Einladung zum Gastvortrag am


Freitag, 16. Juni 2016,

16:00 Uhr, T01

Institutsgebäude Jakob-Haringer-Str. 2, Itzling


von Dr. Marc Gates

(Innovative Computing Laboratory, Electrical Engineering and Computer Science Department University of

Tennessee Knoxville, Tennessee, USA)


zum Thema:

Evolution of the Singular Value

Decomposition Towards Exascale



The computation of the Singular Value Decomposition (SVD) has a long history, with many improvements over

the years, both in implementations and algorithmically. In this talk, we survey the evolution of SVD algorithms for

dense matrices, discussing the motivation and performance impact of changes. As we move towards exascale

computing, improving the algorithm to remove bottlenecks---particularly associated with memory bandwidth

limitations---becomes critically important.


One of the first efficient and stable SVD algorithms was QR iteration, by Golub and Reinsch, written in Algol60.

This was subsequently translated to Fortran in the EISPACK library, and later more efficiently implemented in the

LINPACK library using Level~1 BLAS for the vector machines of that day.


To address the emergence of cache-based memory hierarchies, new algorithms were developed to block

operations together using Level~3 BLAS, resulting in the LAPACK library. Special cases for tall and wide matrices

also significantly improved performance. Use of multi-threaded BLAS enabled parallelism within a shared-memory

machine. To take advantage of distributed memory machines, ScaLAPACK was introduced, based on the

LAPACK design but using the parallel PBLAS, built on top of message passing. Algorithmically, the divide

and conquer method was introduced to replace the traditional QR iteration method, significantly speeding up

computation of singular vectors. With the emergence of accelerators, such as GPUs and the Intel Xeon Phi,

implementations sought to offload the computationally intensive workload to the accelerator.

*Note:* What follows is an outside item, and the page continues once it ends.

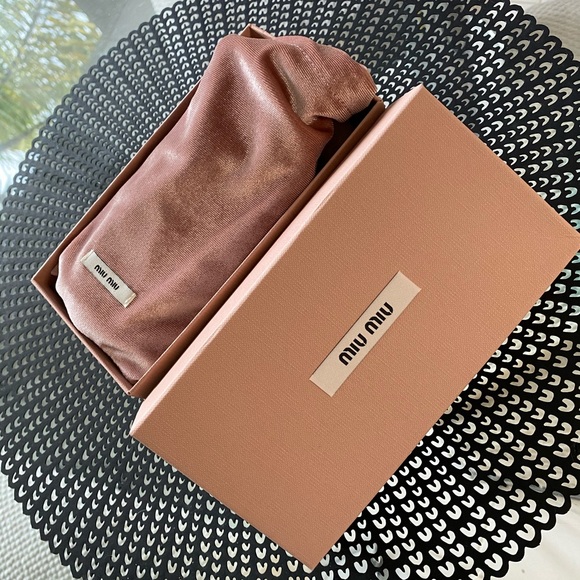 New with tags Miu Miu Cat Eye Sunglasses - Picture 4 of 5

Still, methods remained memory bound, limited by matrix-vector multiplies in the initial reduction to bidiagonal

form. As the gap between memory bandwidth and computation speed increased, this became more of a

bottleneck. In recent years, two stage algorithms have sought to alleviate this limitation by first reducing the matrix

to a band form using Level~3 BLAS, then reducing to bidiagonal form using a bulge-chasing technique.

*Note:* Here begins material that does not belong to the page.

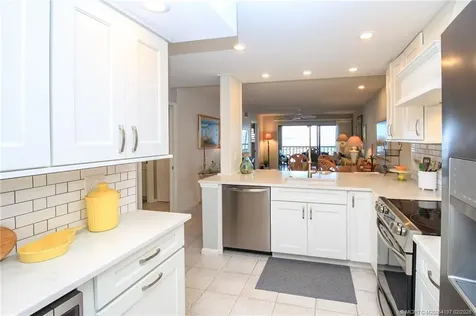 4720 NE Sandpebble Trace Stuart FL 34996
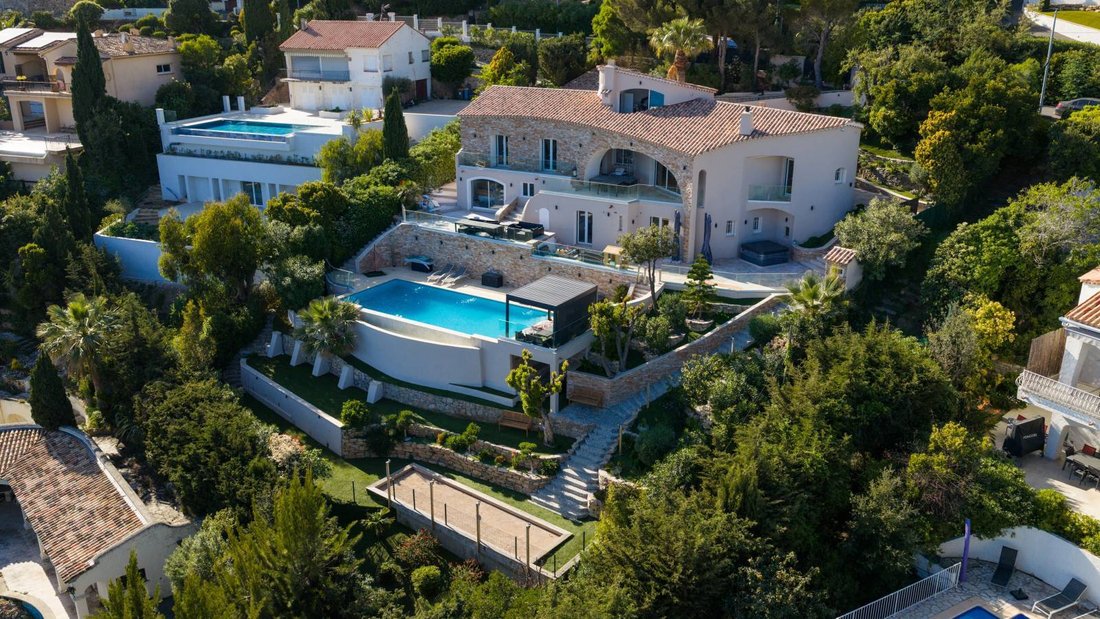 Estate in Les Issambres, Roquebrune-sur-Argens, France 3 - 17764731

As we see, SVD algorithms have continually evolved to address changes in computer hardware, as well as

advancements in mathematics. This talk will look at the improvements of each implementation, comparing

performance on a common, modern, shared-memory machine and a distributed memory platform. We

show that algorithmic and implementation improvements have increased the speed of the SVD from 100--1000 times, while using 25 times less energy.